<div class="alert alert-block alert-success">
    <h1 style="margin-bottom:0.5cm"><b>Train decoder</b></h1>
    <p style="margin-bottom:0.25cm">This code is used to train a 'decoder' that can predict finger positions from electromyographic signals, based on angular finger position data and electromyographic data from specific forearm muscles.
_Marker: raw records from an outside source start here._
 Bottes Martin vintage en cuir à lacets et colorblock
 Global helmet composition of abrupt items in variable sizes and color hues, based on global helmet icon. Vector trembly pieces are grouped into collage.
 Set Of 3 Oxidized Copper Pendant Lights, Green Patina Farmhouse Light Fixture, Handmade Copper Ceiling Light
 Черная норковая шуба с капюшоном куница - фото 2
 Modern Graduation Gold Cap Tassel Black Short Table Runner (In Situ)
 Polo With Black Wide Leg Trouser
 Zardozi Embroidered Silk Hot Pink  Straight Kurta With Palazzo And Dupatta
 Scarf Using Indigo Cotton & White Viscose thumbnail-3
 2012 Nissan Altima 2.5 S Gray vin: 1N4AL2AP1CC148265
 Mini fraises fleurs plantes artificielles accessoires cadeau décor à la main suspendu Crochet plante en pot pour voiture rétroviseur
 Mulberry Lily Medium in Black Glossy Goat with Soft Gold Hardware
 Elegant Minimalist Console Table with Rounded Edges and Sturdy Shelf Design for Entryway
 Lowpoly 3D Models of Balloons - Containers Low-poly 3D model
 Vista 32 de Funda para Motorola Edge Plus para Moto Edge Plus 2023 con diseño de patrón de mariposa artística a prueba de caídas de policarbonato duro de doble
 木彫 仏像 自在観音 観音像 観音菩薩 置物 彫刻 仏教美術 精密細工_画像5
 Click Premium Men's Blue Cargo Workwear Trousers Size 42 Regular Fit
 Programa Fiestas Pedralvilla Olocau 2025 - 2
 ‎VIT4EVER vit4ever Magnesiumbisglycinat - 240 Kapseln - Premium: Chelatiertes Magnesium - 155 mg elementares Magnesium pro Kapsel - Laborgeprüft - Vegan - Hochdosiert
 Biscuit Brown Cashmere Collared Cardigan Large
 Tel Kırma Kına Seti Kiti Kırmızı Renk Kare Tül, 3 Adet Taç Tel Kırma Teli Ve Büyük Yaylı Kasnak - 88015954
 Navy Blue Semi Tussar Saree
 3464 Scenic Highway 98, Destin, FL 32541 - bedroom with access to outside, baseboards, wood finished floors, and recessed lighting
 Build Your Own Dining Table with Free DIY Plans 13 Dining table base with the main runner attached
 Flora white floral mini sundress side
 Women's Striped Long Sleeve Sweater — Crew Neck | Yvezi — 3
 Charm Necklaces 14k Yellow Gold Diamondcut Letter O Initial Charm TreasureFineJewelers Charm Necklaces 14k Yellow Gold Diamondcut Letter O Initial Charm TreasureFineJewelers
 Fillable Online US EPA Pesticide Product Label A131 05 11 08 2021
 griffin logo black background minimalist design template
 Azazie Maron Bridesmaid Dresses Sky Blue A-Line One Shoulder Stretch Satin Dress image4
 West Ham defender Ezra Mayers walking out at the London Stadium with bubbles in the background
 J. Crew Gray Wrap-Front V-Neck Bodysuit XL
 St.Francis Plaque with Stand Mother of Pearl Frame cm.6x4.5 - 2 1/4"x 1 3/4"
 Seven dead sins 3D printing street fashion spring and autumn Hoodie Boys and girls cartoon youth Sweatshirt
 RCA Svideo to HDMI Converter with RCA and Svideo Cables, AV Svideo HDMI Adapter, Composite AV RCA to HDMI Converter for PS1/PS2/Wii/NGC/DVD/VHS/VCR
To do this, the usual steps of a "data analysis" process are followed and different alternatives are tested to build the model.
</div>

## Import all necessary packages

In [None]:
from sklearn.model_selection import train_test_split
from sklearn.linear_model import LinearRegression
from sklearn.preprocessing import PolynomialFeatures
from sklearn.metrics import mean_squared_error
from sklearn.discriminant_analysis import LinearDiscriminantAnalysis
from sklearn.preprocessing import StandardScaler, MinMaxScaler
from yellowbrick.classifier import confusion_matrix
from sklearn.metrics import classification_report
from yellowbrick.classifier import ROCAUC, PrecisionRecallCurve
from sklearn.preprocessing import LabelEncoder
import joblib
import numpy as np
import pandas as pd
import seaborn as sns
import matplotlib.pyplot as plt
from sklearn import metrics

## Data preprocessing

[ToDo]
- Por ahora todo el preprocesado se hace en el software de Noraxon

## Load data

In [None]:
data = pd.read_csv("data/data16.csv")
data

### Rename column

In [None]:
data.rename(columns={'index': 'indice'}, inplace=True)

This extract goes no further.